Como admirador do trabalho do grupo, portanto, foi com tristeza que percebi que este Sinfonia da Necrópole, embora bastante elogiado nos festivais pelos quais já passou, não conseguiu funcionar como a comédia de humor negro que se propunha a ser, tornando-se cada vez mais embaraçoso à medida em que tenta levar sua abordagem “ionesquiana” às últimas consequências.

Escrito pela própria Rojas, Sinfonia da Necrópole se passa praticamente todo no interior de um cemitério onde o coveiro Deodato (Gomes), prestes a perder o emprego por ser lento e sensível demais ao lidar com os cadáveres, recebe a incumbência de auxiliar a agente funerária Jaqueline (Paes) em um projeto de “verticalização” do local visando o aumento de vagas. Passando a acompanhar a durona agente em cada nova etapa da empreitada, do mapeamento e divisão das tumbas entre ocupadas, abandonadas e não cadastradas à reconstrução em si, o sujeito passa a se apaixonar pela nova chefe, melhorando então seu desempenho e enfim encontrando a motivação que lhe faltava para trabalhar na “casa dos mortos” – o problema é que estes não se mostram muito contentes com a obra e resolvem assombrar o amedrontado protagonista.

Investindo em uma encenação inspirada no teatro do absurdo de dramaturgos como Eugène Ionesco, Samuel Beckett e Bertolt Brecht – ou seja, optando por por um tom tragicômico em que sequências inesperadas e muitas vezes deslocadas narrativamente invadem a tela com o intuito de causar o espanto ou o choque do espectador (e só o fato de o filme ser um musical sobre a vida no cemitério já revela muito sobre a proposta do projeto) – o longa jamais teme utilizar clichês facilmente reconhecíveis pelo espectador ou soar ridículo ou constrangedor demais, demonstrando um orgulho tolo de trazer em suas canções versos risíveis como “Um dia você vai morrer. Até lá tome cuidado para não nos aborrecer” e “Ousar mexer no repouso de quem já foi sepultado é errado – é errado” e mesmo de fazer trocadilhos dignos de “A Praça É Nossa” como: “Melhor não se envolver.

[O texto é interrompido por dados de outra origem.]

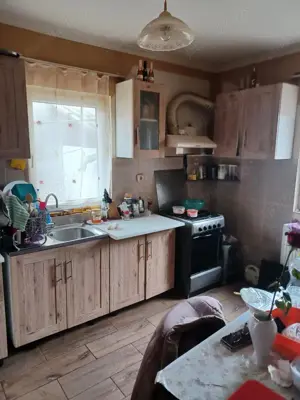 Casa de vanzare 3 camere , Str . Ciprian Porumbescu , 92.000 euro neg. - imagine 3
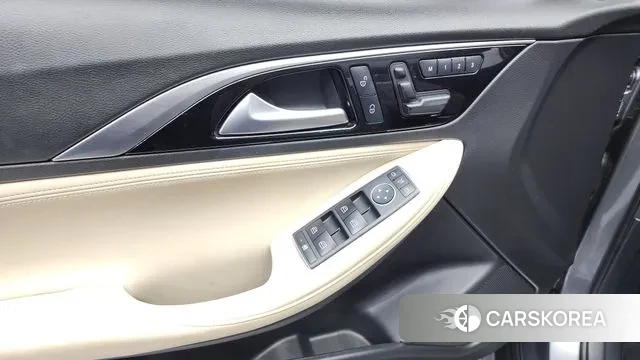 Infiniti QX30 id 2242631 из Кореи 10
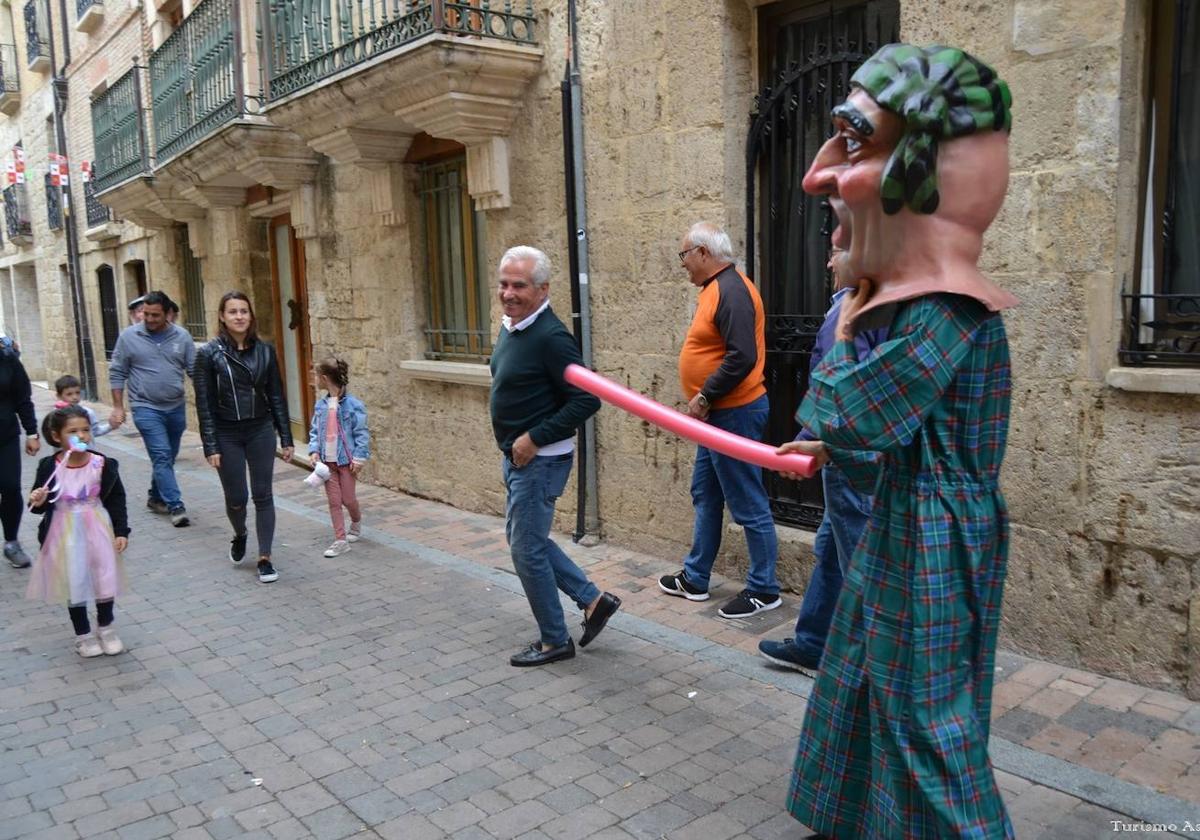 Alegría y color en Astudillo en las fiestas de la Santa Cruz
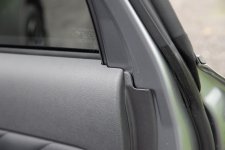 @hybridlife.org_Outlander_PHEV_2016_panneau_portière.JPG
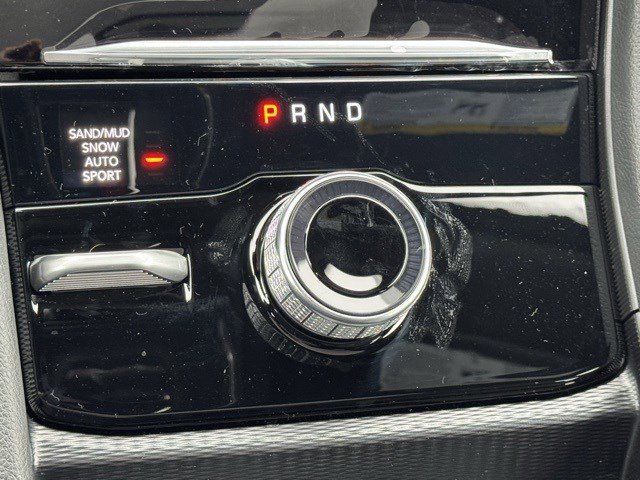 New 2025 Jeep Grand Cherokee L Limited image 24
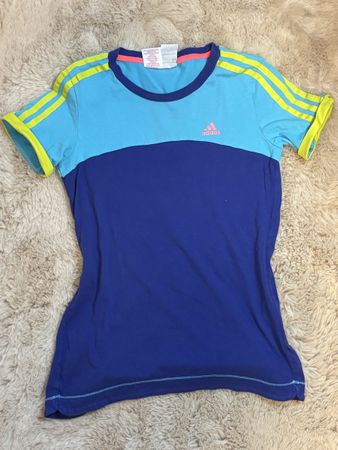 Farbiges Adidas Sport-Shirt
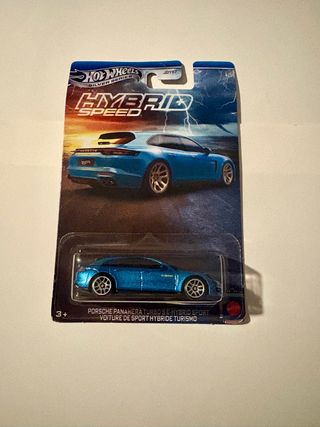 Hot Wheels Porsche Panamera Turbo S E-Hybrid Sport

Isso não é da nossa ossada”.

Mas não são só as canções e os diálogos mal escritos e expositivos de Sinfonia da Necrópole que levantam a velha questão sobre a possibilidade de algo se tornar bom de tanto ser ruim (em minha visão, o máximo que uma obra consegue ao tentar ser “assumidamente” ruim é… ser ruim): se esforçando para fazer metáforas e analogias críticas – na maioria das vezes bem vagas, é verdade – sobre a ganância das grandes corporações, a loucura da especulação imobiliária e as agruras da vida moderna nas metrópoles, o longa demonstra não ter o menor estofo intelectual para discutir esses temas de maneira minimamente inteligente, constrangendo ao atirar para todo lado e soar como um triste protesto alienado de uma classe média completamente desconectada com as realidades que deseja confrontar.

Over também em suas atuações (ainda que Luciana Paes tenha um senso de humor particularmente divertido) e dirigido de maneira absolutamente apática por Rojas, Sinfonia da Necrópole talvez seja a grande decepção da 38ª edição da Mostra de São Paulo. De agora em diante, é torcer para que Gotardo, Dutra e cia recoloquem os pés no chão e entendam que ousadia e desejo de protestar contra seja lá o que for não garantem a eficiência de uma comédia de humor negro.

Ainda mais de uma tão absurda como esta.